La propuesta del Gobierno pactada con Podemos, de subir el salario mínimo para el próximo año a 900 euros por 14 pagas, lo que supone una subida del 22,3%, ha provocado una fuerte polémica. La principal objeción es que puede perjudicar el empleo si no se corresponde con ganancias de productividad. Se trata de una vieja discusión que existe desde el origen de estas medidas por la oposición de las organizaciones empresariales. Existen centenares de estudios académicos sobre la materia pero sin conclusiones definitivas.
El debate se ha encendido por las advertencias del gobernador del Banco de España, Pablo Hernández de Cos, que manifestó en el Congreso que la medida puede costar una pérdida del 0,8% del empleo total, es decir, unos 156.000 trabajadores. Sorprende una posición tan categórica en un asunto en el que esta institución siempre ha sido muy prudente. En un reciente trabajo sobre el tema, recogido en el Boletín Económico 1 /2017, afirma: “La evidencia empírica disponible sobre los efectos de subidas del SMI (salario mínimo interprofesional) no es concluyente, encontrándose una elevada variedad de resultados, si bien, en general tiende a identificarse que el aumento del salario mínimo tiene un efecto negativo —aunque reducido— sobre el empleo”.
Sobre la variedad de resultados hay experiencias para todos los gustos. En 1992, por ejemplo, New Jersey aumentó el salario mínimo un 19% mientras que la vecina Pensilvania no lo varió.
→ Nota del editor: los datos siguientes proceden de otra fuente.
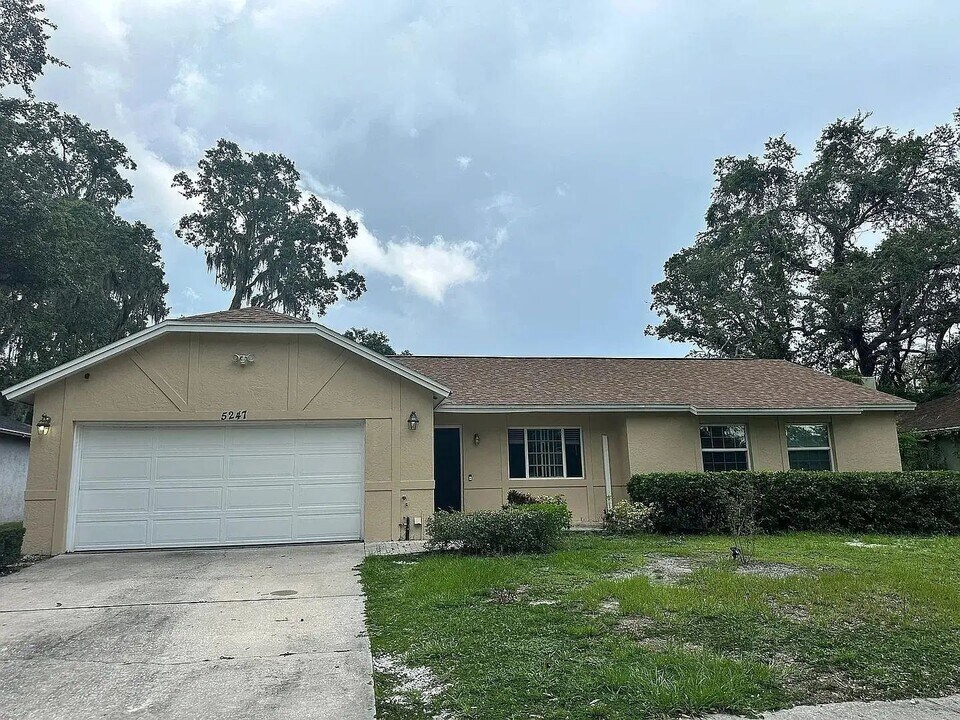 5247 Lighthouse Rd in Orlando, FL - Building Photo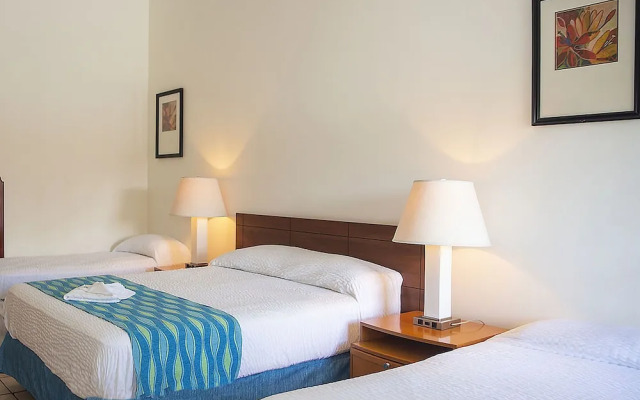 Orange Hill Beach Inn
Un año después los empleados de la restauración rápida, con salarios próximos al mínimo, habían disminuido un 9% en Pensilvania y aumentado un 3% en New Jersey.
En Estados Unidos en 2014, un colectivo de 75 economistas entre los que figuraban siete premios Nobel, (Stiglitz, Arrow, Maskin, Diamond, Solow, Spence y Schelling) escribió al presidente Obama apoyando la subida del salario mínimo porque “beneficiaría la economía en su conjunto”, “estimulando el poder de compra y aumentando el consumo”.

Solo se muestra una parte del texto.